If you have a database that does lots of updates and deletes, that is going to generate dead tuples, due to PostgreSQL's MVCC system. The space occupied by dead tuples can be freed with vacuum, unless there is more wasted space than is covered by the Free Space Map, in which case the much less convenient "vacuum full" is required. By expanding the FSM to cover all of those dead tuples, you might never again need to run vacuum full except on holidays.
The best way to set max _ fsm _ pages is interactive; First, figure out the vacuum (regular) frequency of your database based on write activity; next, run the database under normal production load, and run "vacuum verbose analyze" instead of vacuum, saving the output to a file; finally, calculate the maximum total number of pages reclaimed between vacuums based on the output, and use that.
Remember, this is a database cluster wide setting. So bump it up enough to cover all databases in your database cluster. Also, each FSM page uses 6 bytes of RAM for administrative overhead, so increasing FSM substantially on systems low on RAM may be counter-productive.
Contrary to popular belief, today's journaling file systems are not necessarily slower compared to non-journaling ones. Ext2 can be faster on some setups but the recovery issues generally make its use prohibitive.

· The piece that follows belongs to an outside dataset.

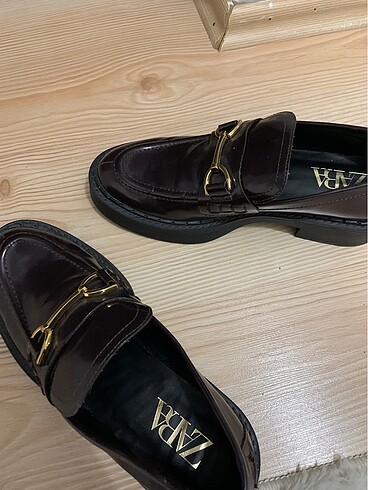 38 Beden Zara makosen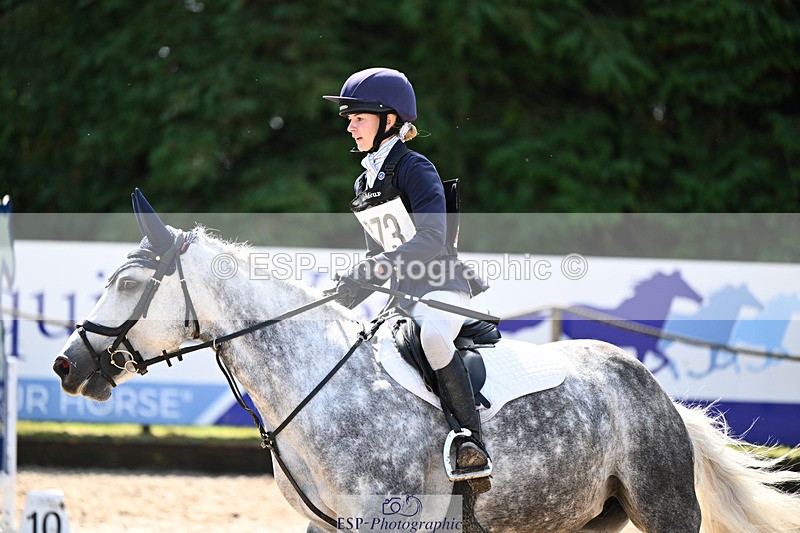 240824X-114934-25397 - 70cm Round 2 10.30 to 12.10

Different people have reported widely different experiences with the speed of Ext3, ReiserFS, and XFS; quite possibly this kind of benchmark depends on a combination of file system, disk/array configuration, OS version, and database table size and distribution. As such, you may be better off sticking with the file system best supported by your distribution, such as ReiserFS for SuSE Linux or Ext3 for Red Hat Linux, not to forget XFS known for it's large file support . Of course, if you have time to run comprehensive benchmarks, we would be interested in seeing the results!
As an easy performance boost with no downside, make sure the file system on which your database is kept is mounted "noatime", which turns off the access time bookkeeping.
Essentially it will vacuum the database when it needs it. It would get rid of playing with cron settings for vacuum frequency. It should result in better database performance by eliminating overdue vacuum issues.
OS's from the BSD family, such as FreeBSD, dynamically alter the IO priority of a process. So if you lower the priority of a vacuum process, it should not chew as much bandwidth and will better allow the database to perform normally. Of course this means that vacuum could take longer, which would be problematic for a "vacuum full."
If you are not done with your choice of OS for your server platform, consider BSD for this reason.
As noted in the worksheet, it covers PostgreSQL versions 7.3 and 7.4. If you are using an earlier version, you will not have access to all of these settings, and defaults and effects of some settings will be different.